TASK STATEMENT :: Return the lines from the start of the data through the line with "中古　星野民芸(星野民藝)　桜材　個性的". Include both of those lines and no others.

MATERIAL TO PROCESS ::
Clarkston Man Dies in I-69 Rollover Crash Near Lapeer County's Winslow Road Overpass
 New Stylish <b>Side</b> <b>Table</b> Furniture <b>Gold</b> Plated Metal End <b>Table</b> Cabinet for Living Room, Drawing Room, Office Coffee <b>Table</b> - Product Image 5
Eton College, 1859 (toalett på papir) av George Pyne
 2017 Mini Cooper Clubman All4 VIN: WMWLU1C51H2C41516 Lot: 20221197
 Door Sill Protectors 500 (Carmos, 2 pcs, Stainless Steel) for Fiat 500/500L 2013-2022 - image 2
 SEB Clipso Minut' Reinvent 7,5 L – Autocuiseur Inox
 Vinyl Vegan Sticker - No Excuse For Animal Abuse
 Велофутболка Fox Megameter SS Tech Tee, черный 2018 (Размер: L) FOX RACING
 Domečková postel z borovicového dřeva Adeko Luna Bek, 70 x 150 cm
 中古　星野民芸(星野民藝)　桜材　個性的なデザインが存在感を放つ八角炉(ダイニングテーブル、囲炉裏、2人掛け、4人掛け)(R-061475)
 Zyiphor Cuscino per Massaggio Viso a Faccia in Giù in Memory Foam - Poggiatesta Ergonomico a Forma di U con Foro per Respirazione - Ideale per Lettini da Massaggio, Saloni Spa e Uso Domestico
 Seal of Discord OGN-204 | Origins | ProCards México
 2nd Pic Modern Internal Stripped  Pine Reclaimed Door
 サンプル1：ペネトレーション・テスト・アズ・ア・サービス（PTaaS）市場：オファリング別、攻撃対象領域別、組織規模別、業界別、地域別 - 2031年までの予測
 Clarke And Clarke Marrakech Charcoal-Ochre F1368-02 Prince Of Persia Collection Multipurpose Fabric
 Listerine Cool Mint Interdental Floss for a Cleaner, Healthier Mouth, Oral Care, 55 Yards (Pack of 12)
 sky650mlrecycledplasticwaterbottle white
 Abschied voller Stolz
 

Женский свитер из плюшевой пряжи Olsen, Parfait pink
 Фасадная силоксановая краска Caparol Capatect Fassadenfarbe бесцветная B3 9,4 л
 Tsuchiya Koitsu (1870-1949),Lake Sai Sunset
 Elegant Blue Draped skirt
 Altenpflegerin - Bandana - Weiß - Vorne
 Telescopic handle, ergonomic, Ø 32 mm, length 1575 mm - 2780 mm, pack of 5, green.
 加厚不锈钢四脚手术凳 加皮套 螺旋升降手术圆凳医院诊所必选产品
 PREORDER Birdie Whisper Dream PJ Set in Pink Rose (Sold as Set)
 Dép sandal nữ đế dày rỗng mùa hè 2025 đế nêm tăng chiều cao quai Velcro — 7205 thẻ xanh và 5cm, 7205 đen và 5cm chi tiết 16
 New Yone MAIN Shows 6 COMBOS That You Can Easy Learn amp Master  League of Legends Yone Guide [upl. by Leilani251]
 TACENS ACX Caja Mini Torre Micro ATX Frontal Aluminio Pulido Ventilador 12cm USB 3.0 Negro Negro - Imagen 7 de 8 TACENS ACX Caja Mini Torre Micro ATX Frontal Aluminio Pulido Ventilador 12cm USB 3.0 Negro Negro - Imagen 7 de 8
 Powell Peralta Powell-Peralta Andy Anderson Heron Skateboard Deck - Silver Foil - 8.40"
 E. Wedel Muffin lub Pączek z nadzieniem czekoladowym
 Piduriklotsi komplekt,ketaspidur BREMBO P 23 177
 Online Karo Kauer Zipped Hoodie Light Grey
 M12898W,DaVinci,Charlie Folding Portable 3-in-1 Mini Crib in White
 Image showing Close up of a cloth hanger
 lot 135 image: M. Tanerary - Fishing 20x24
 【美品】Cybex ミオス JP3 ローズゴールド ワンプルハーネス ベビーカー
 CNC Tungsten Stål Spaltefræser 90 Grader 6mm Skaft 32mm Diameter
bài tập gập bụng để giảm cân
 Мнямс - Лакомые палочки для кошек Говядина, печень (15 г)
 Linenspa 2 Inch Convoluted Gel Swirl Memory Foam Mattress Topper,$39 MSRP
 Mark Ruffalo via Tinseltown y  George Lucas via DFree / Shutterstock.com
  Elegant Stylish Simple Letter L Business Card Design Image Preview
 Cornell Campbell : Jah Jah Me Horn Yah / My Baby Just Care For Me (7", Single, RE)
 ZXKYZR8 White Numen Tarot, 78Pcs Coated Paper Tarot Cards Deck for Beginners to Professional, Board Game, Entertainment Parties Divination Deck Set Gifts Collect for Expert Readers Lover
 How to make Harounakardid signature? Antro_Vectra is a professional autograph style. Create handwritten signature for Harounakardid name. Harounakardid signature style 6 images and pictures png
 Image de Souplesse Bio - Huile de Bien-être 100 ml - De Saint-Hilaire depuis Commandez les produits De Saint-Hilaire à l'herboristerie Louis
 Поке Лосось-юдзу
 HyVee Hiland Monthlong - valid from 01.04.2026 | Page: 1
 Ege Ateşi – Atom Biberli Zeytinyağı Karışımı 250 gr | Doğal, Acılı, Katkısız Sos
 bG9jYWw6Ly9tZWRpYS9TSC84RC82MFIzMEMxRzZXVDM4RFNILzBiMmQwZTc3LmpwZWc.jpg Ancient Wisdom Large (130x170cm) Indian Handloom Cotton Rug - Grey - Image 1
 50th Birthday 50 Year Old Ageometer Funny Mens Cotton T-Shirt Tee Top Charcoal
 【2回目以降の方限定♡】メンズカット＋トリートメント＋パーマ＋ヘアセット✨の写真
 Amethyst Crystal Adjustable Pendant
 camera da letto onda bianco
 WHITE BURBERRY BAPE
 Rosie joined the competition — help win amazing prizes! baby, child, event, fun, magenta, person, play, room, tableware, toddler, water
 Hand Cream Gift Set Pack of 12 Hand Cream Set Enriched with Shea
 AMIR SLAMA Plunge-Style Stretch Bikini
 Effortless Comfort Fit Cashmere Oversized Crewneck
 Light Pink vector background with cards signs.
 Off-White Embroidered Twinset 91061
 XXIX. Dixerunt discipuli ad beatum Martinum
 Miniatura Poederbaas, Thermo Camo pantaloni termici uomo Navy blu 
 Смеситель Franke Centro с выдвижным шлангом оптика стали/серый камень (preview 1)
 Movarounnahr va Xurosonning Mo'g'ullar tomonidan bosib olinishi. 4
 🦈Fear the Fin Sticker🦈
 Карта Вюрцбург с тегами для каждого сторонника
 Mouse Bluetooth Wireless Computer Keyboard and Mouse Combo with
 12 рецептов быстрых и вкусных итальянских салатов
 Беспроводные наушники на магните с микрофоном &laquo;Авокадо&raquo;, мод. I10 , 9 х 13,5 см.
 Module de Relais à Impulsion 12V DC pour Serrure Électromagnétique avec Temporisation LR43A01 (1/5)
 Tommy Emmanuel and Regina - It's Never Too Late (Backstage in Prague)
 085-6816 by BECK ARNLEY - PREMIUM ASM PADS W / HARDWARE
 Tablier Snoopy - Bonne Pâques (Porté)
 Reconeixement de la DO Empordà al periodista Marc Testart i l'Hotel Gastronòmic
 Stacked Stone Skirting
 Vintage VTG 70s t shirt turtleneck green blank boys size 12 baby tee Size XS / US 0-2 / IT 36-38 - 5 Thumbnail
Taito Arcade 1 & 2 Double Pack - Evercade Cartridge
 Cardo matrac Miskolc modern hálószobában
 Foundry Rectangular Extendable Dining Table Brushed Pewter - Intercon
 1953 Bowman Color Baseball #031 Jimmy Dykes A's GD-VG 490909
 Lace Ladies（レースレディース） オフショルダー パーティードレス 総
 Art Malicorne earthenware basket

FINISHED TASK ::
Clarkston Man Dies in I-69 Rollover Crash Near Lapeer County's Winslow Road Overpass
 New Stylish <b>Side</b> <b>Table</b> Furniture <b>Gold</b> Plated Metal End <b>Table</b> Cabinet for Living Room, Drawing Room, Office Coffee <b>Table</b> - Product Image 5
Eton College, 1859 (toalett på papir) av George Pyne
 2017 Mini Cooper Clubman All4 VIN: WMWLU1C51H2C41516 Lot: 20221197
 Door Sill Protectors 500 (Carmos, 2 pcs, Stainless Steel) for Fiat 500/500L 2013-2022 - image 2
 SEB Clipso Minut' Reinvent 7,5 L – Autocuiseur Inox
 Vinyl Vegan Sticker - No Excuse For Animal Abuse
 Велофутболка Fox Megameter SS Tech Tee, черный 2018 (Размер: L) FOX RACING
 Domečková postel z borovicového dřeva Adeko Luna Bek, 70 x 150 cm
 中古　星野民芸(星野民藝)　桜材　個性的なデザインが存在感を放つ八角炉(ダイニングテーブル、囲炉裏、2人掛け、4人掛け)(R-061475)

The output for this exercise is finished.